37. A process for cloning into a vector at least one specific DNA sequence contained in a DNA or a mixture of nucleic acids, wherein the DNA consists of two complementary strands of equal or unequal length, and wherein the DNA is amplified in quantity before cloning, which process comprises:

(a) heating the DNA in the presence of four different nucleoside triphosphates and two oligonucleotide primers, for each different specific sequence being amplified, for an effective time and at an effective temperature to denature the DNA, wherein each primer is selected to be sufficiently complementary to different strands of each specific sequence to hybridize therewith, such that the extension product synthesized from one primer, when separated from its complement, can serve as a template for synthesis of the extension product of the other primer, and wherein each sequence being amplified or each primer contains a restriction site;

cooling the denatured DNA to a temperature effective to promote hybridization between each primer and its complementary strand;

(c) contacting the denatured DNA, at the same time as or after step (a) or (b), with a thermostable enzyme which catalyzes combination of the nucleoside triphosphates to form primer extension products complementary to each strand of DNA;

(d) maintaining the mixture from step (c) at an effective temperature for an effective time to promote the activity of the enzyme and to synthesize, for each different sequence being amplified, an extension product of each primer which is complementary to each strand, but not so high as to separate each extension product from its complementary strand;

(e) heating the mixture from step (d) for an effective time and at an effective temperature to separate the primer extension products from the strands on which they were synthesized, to produce single-stranded molecules, but not so high as to denature irreversibly the enzyme;

(f) cooling the mixture from step (e) for an effective time and to an effective temperature to promote hybridization of each primer to its complementary single-stranded molecule produced in step (e);

(g) maintaining the mixture from step (f) at an effective temperature for an effective time to promote the activity of the enzyme and to synthesize, for each different sequence being amplified, an extension product of each primer which is complementary to each strand produced in step (e), but not so high as to separate each extension product from its complementary strand, steps (e), (f), and (g) being repeated a sufficient number of times to result in detectable amplification of the DNA containing the sequences(s), wherein steps (f) and (g) are carried out simultaneously or sequentially;

(h) adding to the product of step (g) a restriction enzyme for each of said restriction sites to obtain cleaved products in a restriction digest; and

(i) ligating the cleaved product(s) of step (h) containing the specific sequence(s) to be cloned into one or more cloning vectors containing a selectable marker.

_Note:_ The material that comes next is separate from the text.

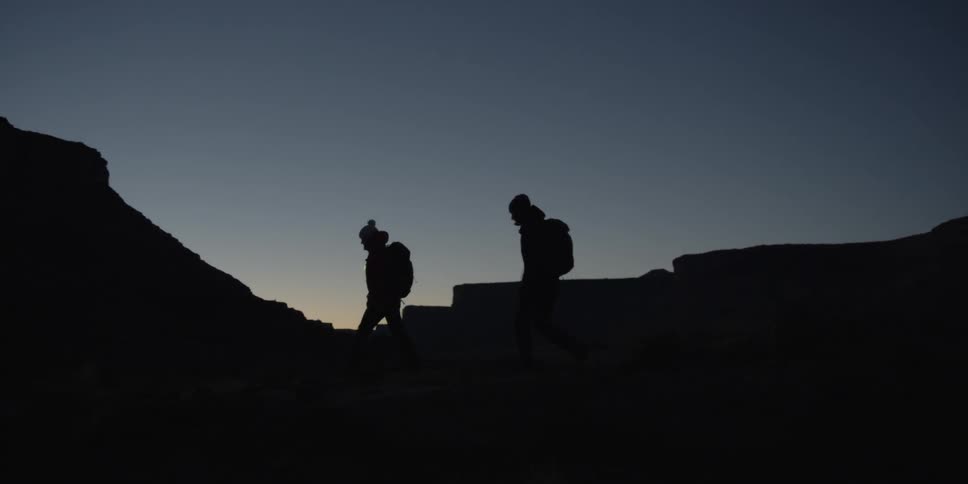 Silhouette of two hikers walking a trail at sunset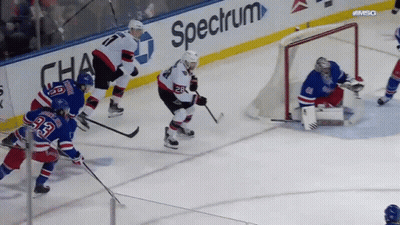 Hockey Game In Front Of Spectrum Ad GIF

38. The process of clam 37, wherein steps (e)-(g) are repeated at least five times.

39. The process of claim 37, further comprising the step of passing the restriction digest of step (h) through a desalting column or membrane before step (i).

40. The process of claim 37, further comprising, after step (i), sequencing the cleaved product ligated into the vector.

41. The process of claim 37, wherein said specific DNA sequence encodes a protein and wherein said method further comprises, after step (i), expressing the protein encoded by the specific nucleic acid sequence.

42. The process of claim 37, wherein one specific sequence is being amplified, the restriction sites are different on each primer, and the product of step (h) is ligated into one cloning vector with a specific orientation.

43. The process of claim 42, wherein the specific DNA sequence amplified is or is contained within the .beta.-globin gene or the N-RAS oncogene.

44. The process of claim 37, wherein the thermostable enzyme is a polymerase from Thermus aquaticus.

45. The process of claim 37, wherein the heating and cooling steps (e)-(g) are automated by a machine which controls temperature levels, transitions from one temperature to another, and the timing of the temperature levels.

46. The process of claim 36, wherein each primer contains a restriction site which is the same as or different from the restriction site(s) on the other primer(s).

47. The process of clam 46, wherein the restriction sites are on the 5' end of the primers.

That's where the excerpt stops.